Эмпатия, конечно же, неизбежна. Нельзя имитировать движущие плотью импульсы и нейромедиаторы, не ощутив их в какой-то степени. Но здесь все было иначе. Эти прозрения мелькали где-то на границе сознания, но уловить их полностью не удавалось. Мои оболочки бродили по коридорам, и загадочные символы, покрывавшие все поверхности, – «Прачечная», «Добро пожаловать в Клуб», «Этой стороной вверх» – почти обретали смысл. Вон тот круглый объект, висящий на стене, называйся часами. Он измерял время. Взгляд мира скользил с предмета на предмет, и я складывал мозаику из терминов, всплывавших в разуме мироздания – в его разуме.

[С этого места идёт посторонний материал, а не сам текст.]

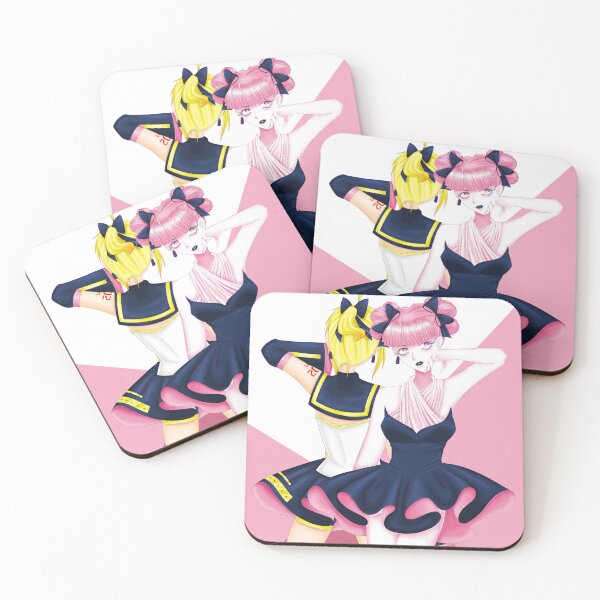 Item preview, Chika and Chi-en - Unblurred designed and sold by Wondertales.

Но это было все равно что оседлать прожектор. Я видел то, что он освещал, но не мог развернуть его по своей воле. Я мог подслушивать, но не допрашивать. О, если бы хоть один из этих прожекторов остановился, чтобы осветить собственную эволюцию, путь, приведший его сюда! Все могло бы закончиться совсем иначе, если бы я только знал! Но вместо этого луч высветил новое слово: «аутопсия».

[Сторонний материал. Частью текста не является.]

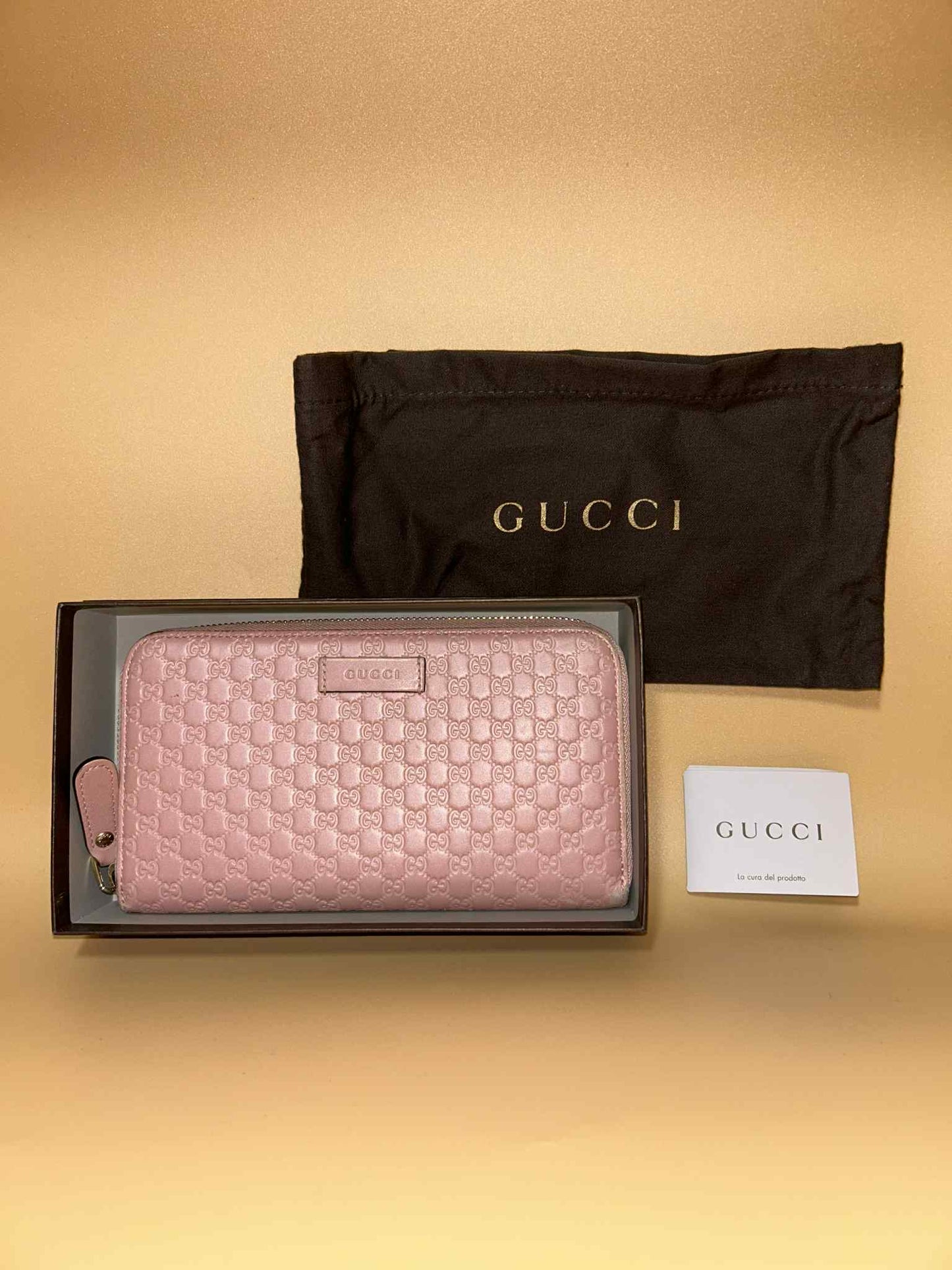 Gucci #316 preloved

Макриди и Коппер нашли часть меня в норвежском лагере – отросток, оставшийся в арьергарде и сгоревший, чтобы прикрыть мое отступление. Они привезли его сюда: обугленного, скрюченного, застывшего во время трансформации, и никак не могли понять, что это такое.
Тогда я был Палмером, Норрисом и собакой, стоял в толпе вместе с другой биомассой и смотрел, как Коппер разрезает меня и вытаскивает внутренности наружу. Я наблюдал за тем, как он извлекает что-то, находящееся позади моих глаз, какой-то орган.
Орган казался недоразвитым, неполноценным, но все, что надо, я разглядел. Это смахивало на огромную, сморщенную опухоль, словно каждая клетка стремилась быстрей размножиться, борясь с другими, – как будто процесс, лежащий в основе жизни, обратился против нее самой. В органе было неприлично много сосудов: вероятно, он поглощал куда больше кислорода и питательных веществ, чем предполагала его масса. Я не понимал, как такое вообще может существовать, как оно доросло до подобного размера, не вытесненное более эффективными системами.
И я не мог представить, какова его функция. Но затем по-новому взглянул на эти отростки, эти двуногие тела, столь тщательно и опрометчиво скопированные моими собственными клетками, приспосабливавшими меня к существованию в этом мире. Я не привык составлять описи – да и к чему запоминать части тел, если они могут трансформироваться при малейшем воздействии? – но тут впервые увидел эту разбухшую структуру, венчающую каждое тело. Она была намного больше, чем надо, – костяная полусфера, куда с лихвой могли вместиться миллионы ганглиев. Такая имелась у каждого отростка. Каждый кусок биомассы нес на себе один из этих гигантских клеточных комков.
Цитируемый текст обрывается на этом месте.